I haven’t always been a minimalist. In fact, minimalism kind of found me after years of anxiety, feeling overwhelmed, and trying to keep up with managing a young family and household.
I knew the path I was on would never sustain me. I was working in a corporate career I hated and constantly fighting my family to clean up their spaces. We needed a bigger house and more money in the bank. It was a downward spiral, and I knew I needed an escape.
One day I broke. I remember sitting on the couch and crying in the middle of the night, desperate for rest but so overwhelmed, I couldn’t possibly stop to go to sleep. I felt like there was more to do than humanly possible before the sun rose on another day.
Soon after, not knowing where to start, I did what many people do when trying to simplify. I started with my closet. Before I cleaned out my closet, I could go to work wearing a different blouse for 38 days (that’s almost two full work months). It was embarrassing and eye-opening. How did I accumulate so much stuff?
Cleaning out my closet turned into a 30-day no clothes shopping challenge. I realized I had more than enough. This simple challenge evolved into a one-year challenge. People thought I was insane. I thought I was insane. Who doesn’t buy new clothes for an entire year?
At the end of the year, not only did I have a changed wardrobe, I was changed. Cleaning out my closet was only the beginning. I was inspired. I NEEDED my home to be cleaned out too, every drawer, every storage closet, every room.
I didn’t know where to start, so I just started. I cleaned out my bedroom first. Then my storage closets and junk drawers. Next, I moved on to conquering the entire house.
The first book I read for inspiration was The More of Less from Joshua Becker. It gave me the motivation I needed to change my mindset about shopping and the accumulation of stuff. After that, I was unstoppable.
It took me six months to declutter my house to look “clean”. It took me another six months to finish my home and love it.
Something else happened during my year of decluttering and not shopping. It was almost magical. I learned “stuff” didn’t make me happy. I was no longer shopping for fun or as a way to spend my time. I was no longer relying on new and shiny things to bring me joy and happiness.
Instead of finding my happiness in stuff, I was finding happiness in other areas of my life. I was taking my kids on more picnics. I was spending time at the library instead of the mall. I learned how to quilt. I was saying “no” to obligations that gave me and my family no value.
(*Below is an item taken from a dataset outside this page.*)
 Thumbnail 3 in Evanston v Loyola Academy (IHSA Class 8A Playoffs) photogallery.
I was no longer only decluttering my house. I was discovering what minimalism could mean for me, this foreign concept I had never known except for the extreme cases featured in documentaries.
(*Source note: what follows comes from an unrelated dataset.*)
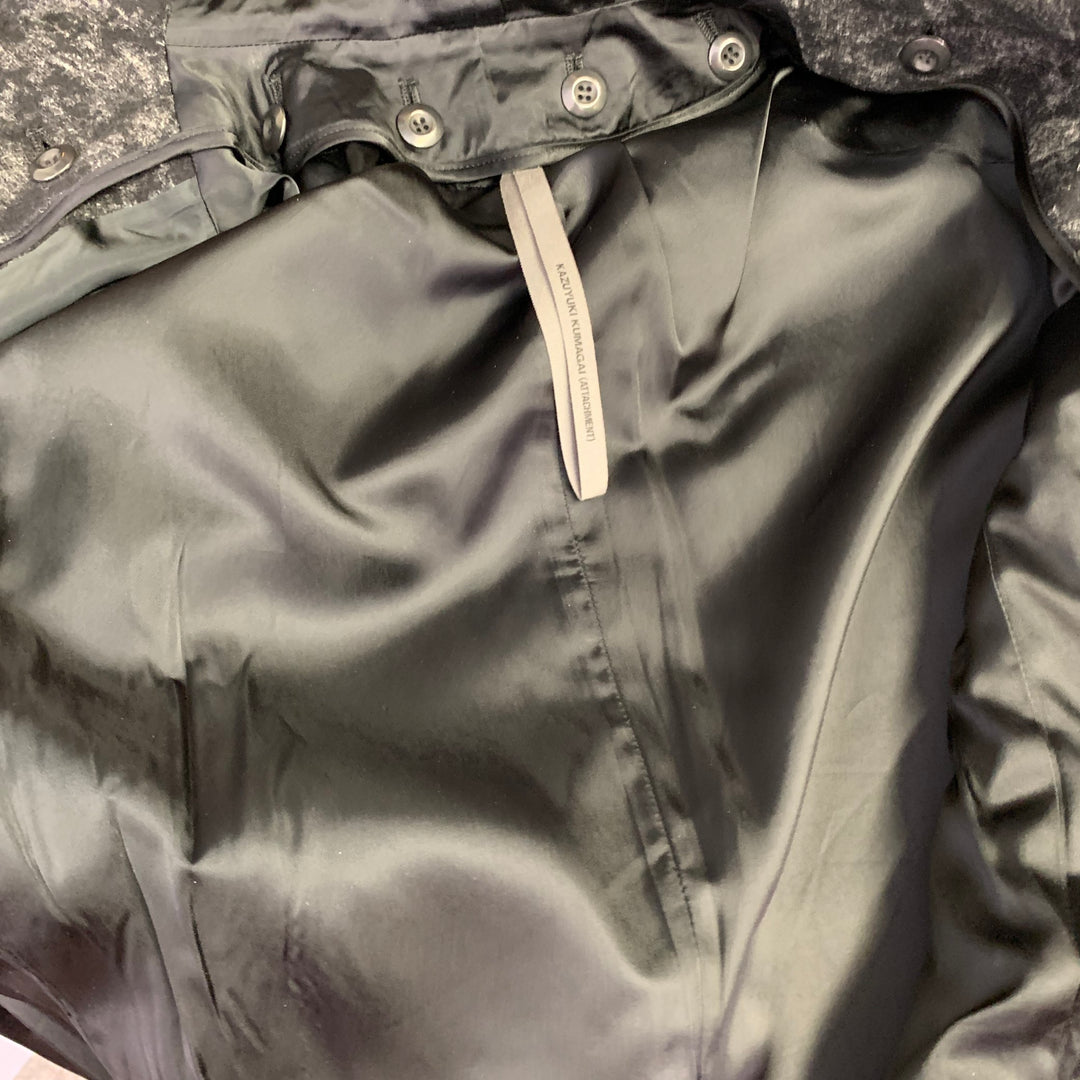 ATTACHMENT Size S Black Grey Textured Wool Jacket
All of a sudden, living a simple life didn’t seem so extreme. I didn’t need the same things anymore. I didn’t need a bigger house. I didn’t need a higher paying job. I didn’t need a fancy car. Minimalism and simple living taught me to be the happiest version of myself.
After years of trying to keep up with my coworkers, neighbors, and the Joneses down the street, I discovered my happiest life. Not spending money on senseless items and finding simple joys allowed us to move into our dream home in the mountains, allowed me to quit my job to stay home with my kids, and gave me the opportunity to pursue a dream career.
So how exactly did I find my happiest, simplest self?
1. Start Small
Clean out a closet, a room or even a drawer. It doesn’t have to be big. Big changes can come from small actions.
2. Stop the inflow
Stop shopping for fun or the next good deal. Buy only what you need, and stop letting more clutter enter your home.
3. Spend more time doing what you love
Like visual clutter, obligations can clutter our lives too. Cut out life clutter and only devote your time to things that matter to you. When you stop spending so much time trying to keep up with those around you, you gain an incredible amount to time back to do what you really love.
Minimalism changed me. Minimalism changed my family.
Minimalism looks different for everyone. For me, it meant freedom from visual clutter, financial hardship and a career I hated. It gave me more time with my precious family and time to focus on all the things that matter the most.
Minimalism forever has my heart, and I look forward to seeing how it continues to morph as I grow. I’m forever grateful to minimalism, as it helped me find my happiest, simplest self.